Before installing the remaining dependencies, you should make sure the above tools are loaded into your environment.

WARNING: conda installs its own version of a linker. If you are using a conda environment for your Python, check if the file compiler_compat/ld exists in the conda environment prefix. If so, remove it or rename it.

If you are using a conda environment, make sure to install the mpi4py package with pip (not conda). Read the documentation of that package to see how to make sure it finds your intended MPI compiler.

Installing Dependencies

The remaining minimal dependencies can be installed with the included install_deps.sh script. The defaults in this script use the GNU compilers, but there are comments in the script about where to make changes for other use cases. You can comment out the installation of some packages completely if you already have an optimized replacement installed. There are also several examples (example_deps_*.sh) included. The script supports installing:

  • OpenBLAS (not needed if using an alternate BLAS/LAPACK)
  • FFTW (not needed if using Intel MKL)
  • SuiteSparse (for atmosphere simulations)
  • libaatm (for atmosphere simulations)
  • Python packages: astropy, healpy, ephem

After modifying this script to your needs, just run it:

%>  ./install_deps.sh

After installing the dependencies, this script prints out an example shell function (load_toast) which can be added to your ~/.bashrc for easy loading of this software stack.

Installing TOAST

After loading the software stack you installed in the previous section, we can install TOAST to this same location. The included install_toast.sh script is an example that sets up the compilers and dependency locations, checks out a version of TOAST from github, and installs it to the same location as the compiled dependencies. There are some examples (example_toast_*.sh) as well. After modifying, run this script:

%>  ./install_toast.sh

After installation, it is a good idea to run the unit test suite (see previous sections).

Warnings and Caveats

The compiled python extension in TOAST links to external libraries for BLAS/LAPACK and FFTs. The python Numpy package may use some of the same libraries for its internal operations. Inside a single process, a shared library can only be loaded once.

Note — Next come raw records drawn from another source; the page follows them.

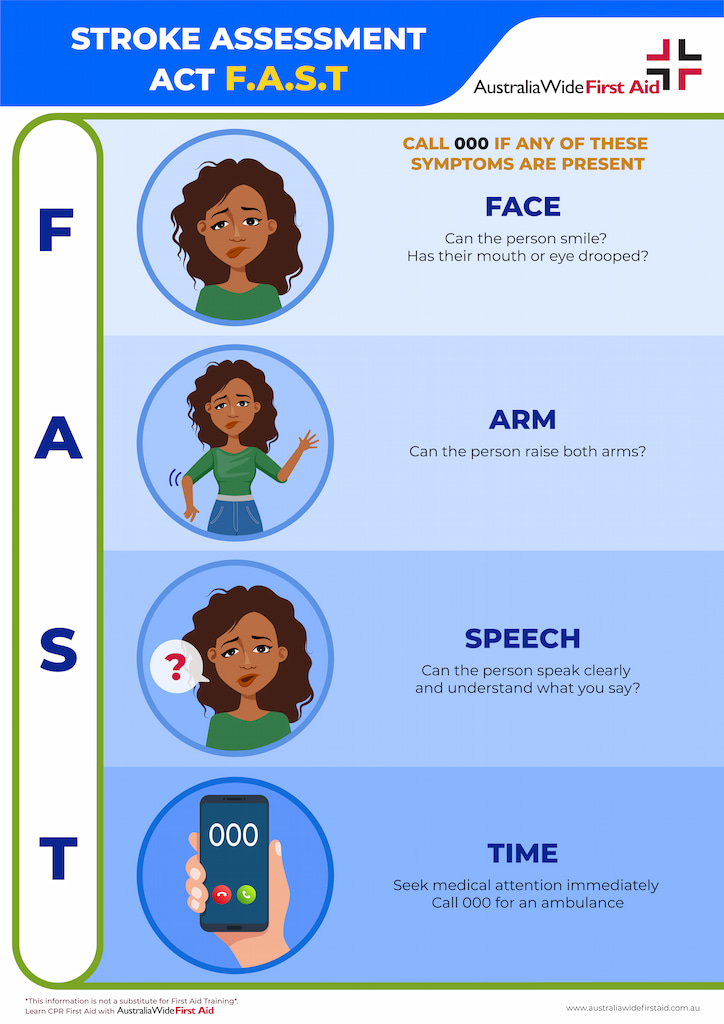 Stroke assessment FAST test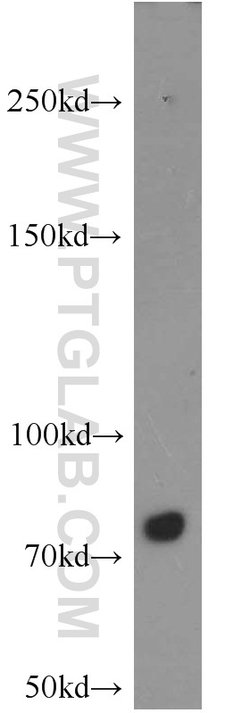 PFKM Rabbit anti-Human, Mouse, Rat, Polyclonal, Proteintech 150 &mu;L;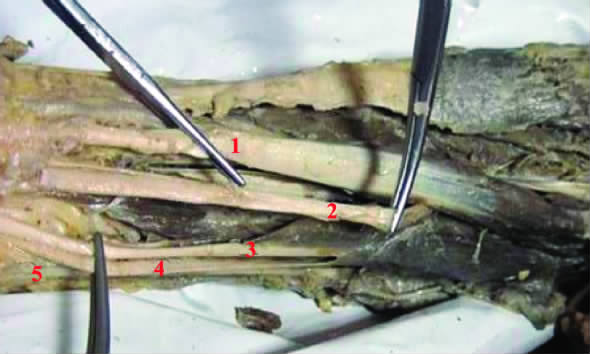 人体胳膊变异,人体十大变异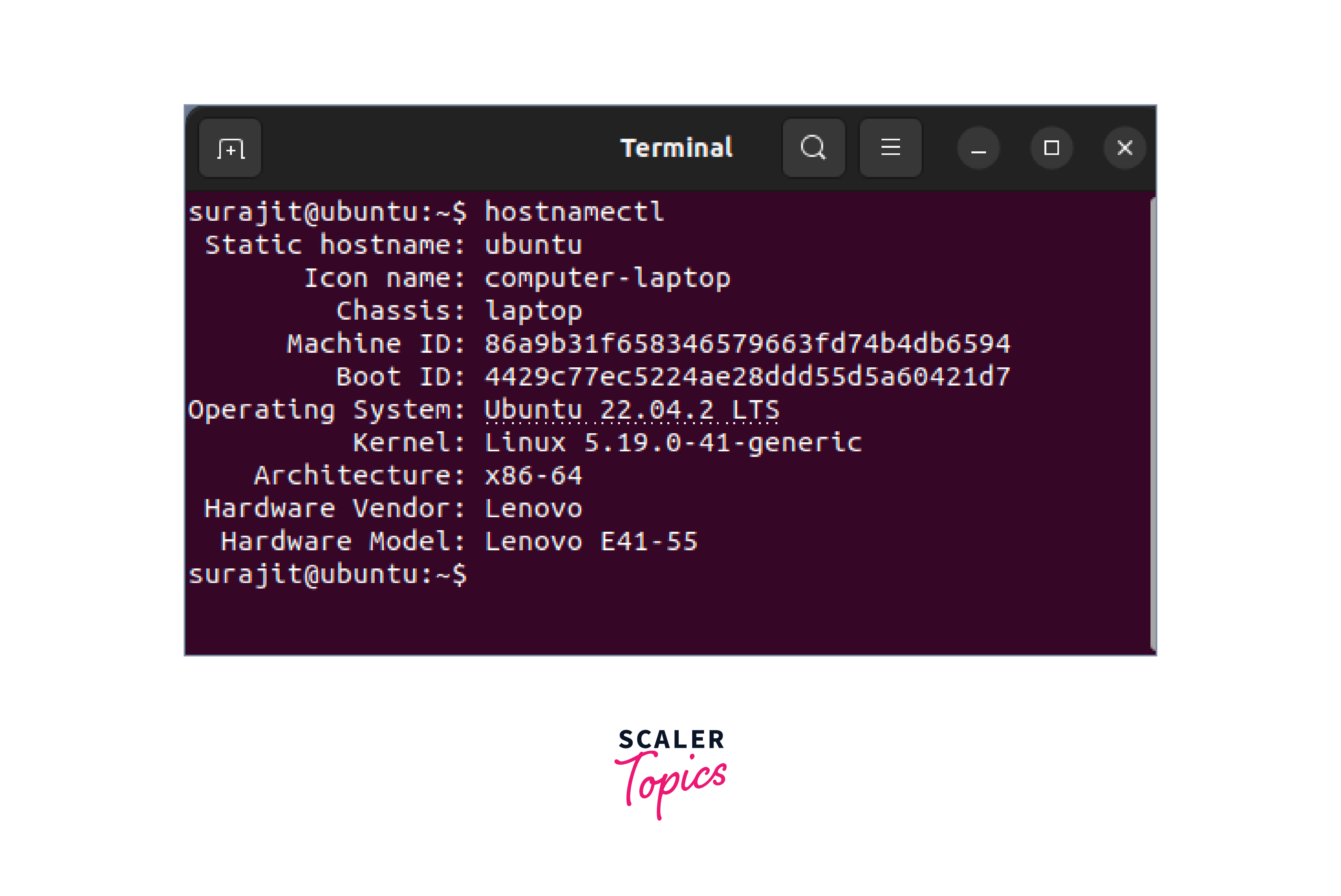 How To Configure DNS Server In Linux? Scaler Topics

For example, if numpy links to libmkl_rt and so does TOAST, then only one copy of libmkl_rt can be loaded- and the library which actually gets loaded depends on the order of importing the toast and numpy python modules!

For example, here are some combinations and the result:

TOAST Built With Python Using Result
Statically linked OpenBLAS (binary wheels on PyPI) numpy with any LAPACK Works since TOAST does not load any external LAPACK.
Intel compiler and MKL numpy with MKL Broken, UNLESS both MKLs are ABI compatible and using the Intel threading layer.
GCC compiler and MKL numpy with MKL Broken, since TOAST uses the MKL GNU threading layer and numpy uses the Intel threading layer (only one can be used in a single process).
GCC and system OpenBLAS numpy with MKL Works: different libraries are dl-opened by TOAST and numpy.
Intel compiler and MKL numpy with OpenBLAS (from conda-forge) Works: different libraries are dl-opened by TOAST and numpy.

When in doubt, run the toast unit tests with OpenMP enabled (i.e. OMP_NUM_THREADS > 1). This should exercise code that will fail if there is some incompatibility. After the unit tests pass, you are ready to run the benchmarks.